WHAT THE TASK REQUIRES:
Only the pictures should be dropped; every line of the data must come back exactly as written.

RECORDS FOR THE EXERCISE:
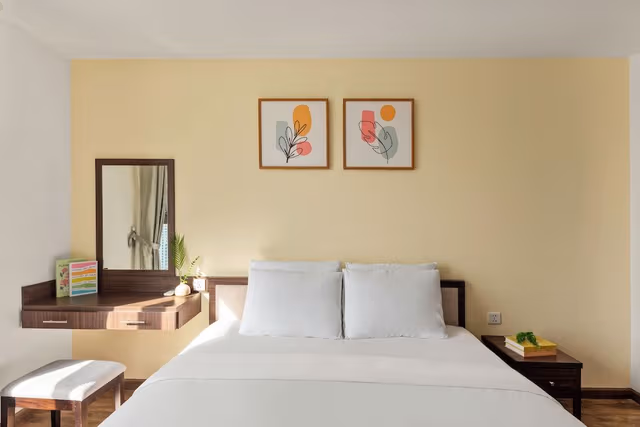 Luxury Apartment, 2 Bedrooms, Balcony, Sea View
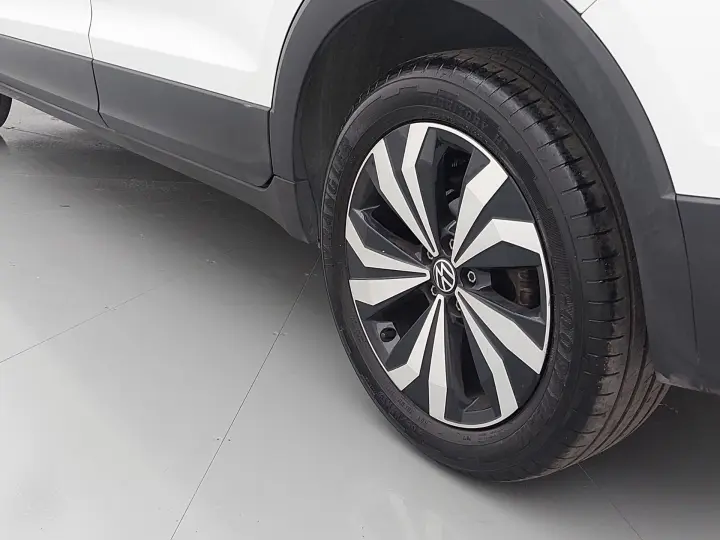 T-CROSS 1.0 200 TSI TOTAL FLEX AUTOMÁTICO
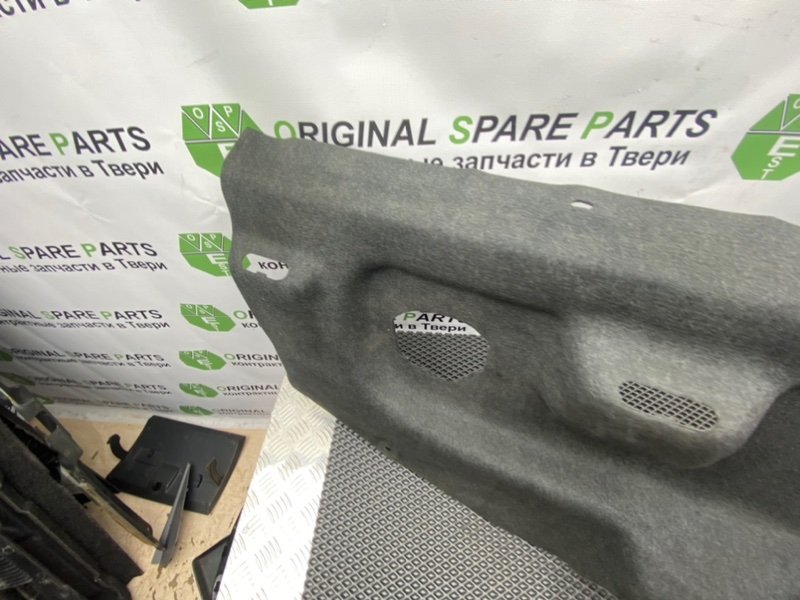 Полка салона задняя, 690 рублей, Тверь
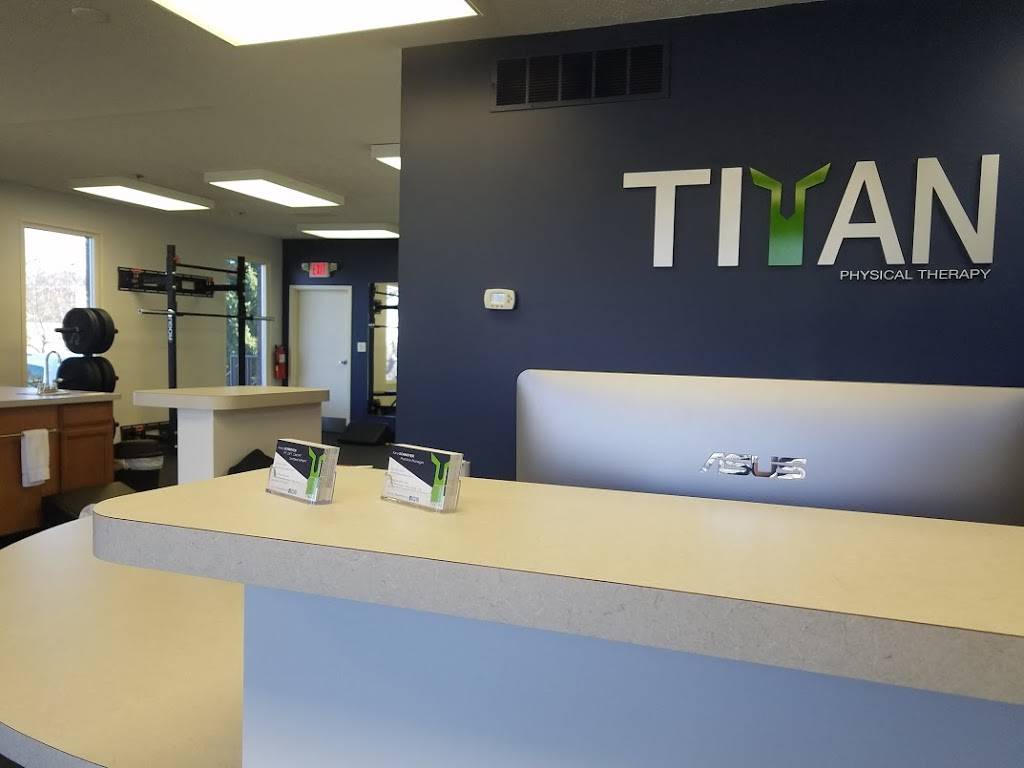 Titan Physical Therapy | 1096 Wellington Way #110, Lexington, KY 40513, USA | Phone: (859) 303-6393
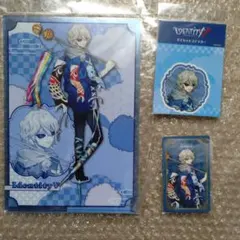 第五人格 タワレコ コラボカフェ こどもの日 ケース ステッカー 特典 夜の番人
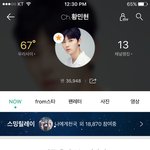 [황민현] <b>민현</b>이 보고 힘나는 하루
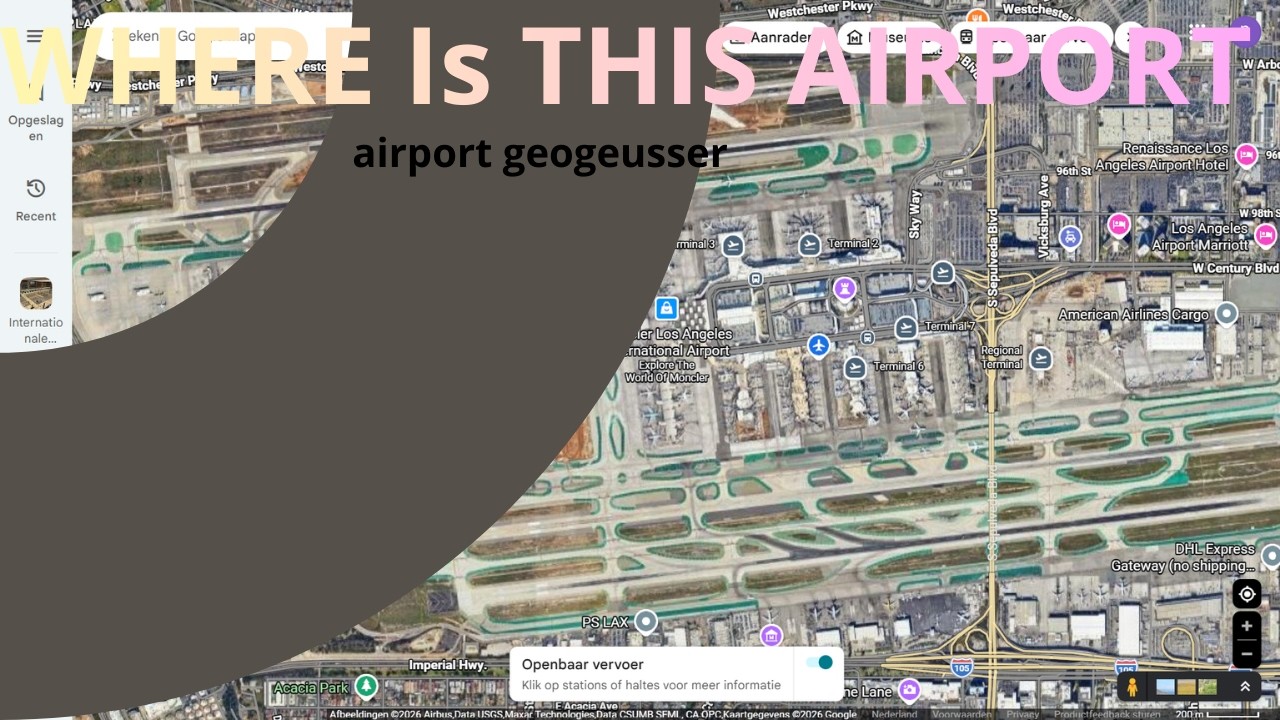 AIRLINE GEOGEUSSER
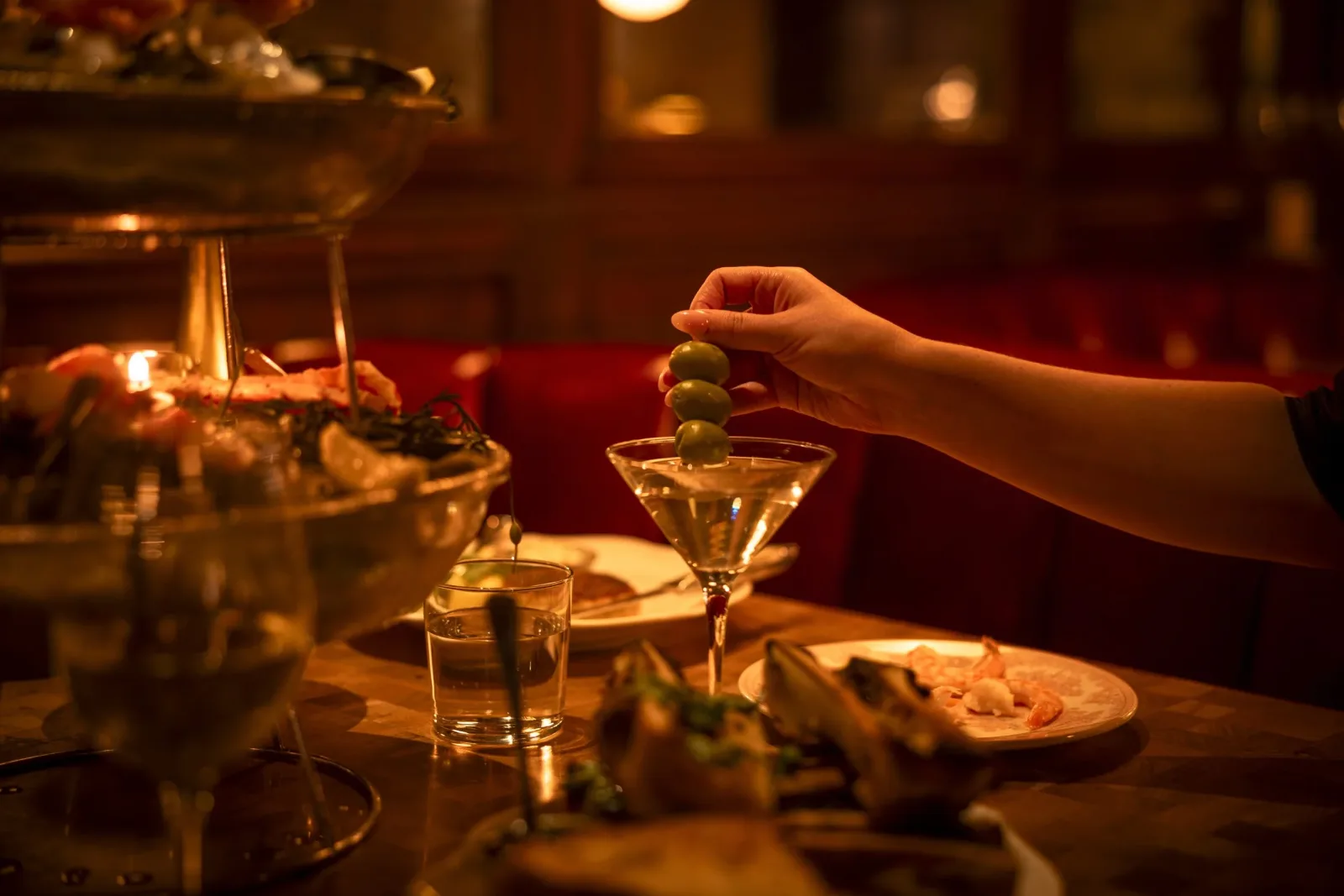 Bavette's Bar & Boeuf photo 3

COMPLETED TASK:
 Luxury Apartment, 2 Bedrooms, Balcony, Sea View
 T-CROSS 1.0 200 TSI TOTAL FLEX AUTOMÁTICO
 Полка салона задняя, 690 рублей, Тверь
 Titan Physical Therapy | 1096 Wellington Way #110, Lexington, KY 40513, USA | Phone: (859) 303-6393
 第五人格 タワレコ コラボカフェ こどもの日 ケース ステッカー 特典 夜の番人
 [황민현] <b>민현</b>이 보고 힘나는 하루
 AIRLINE GEOGEUSSER
 Bavette's Bar & Boeuf photo 3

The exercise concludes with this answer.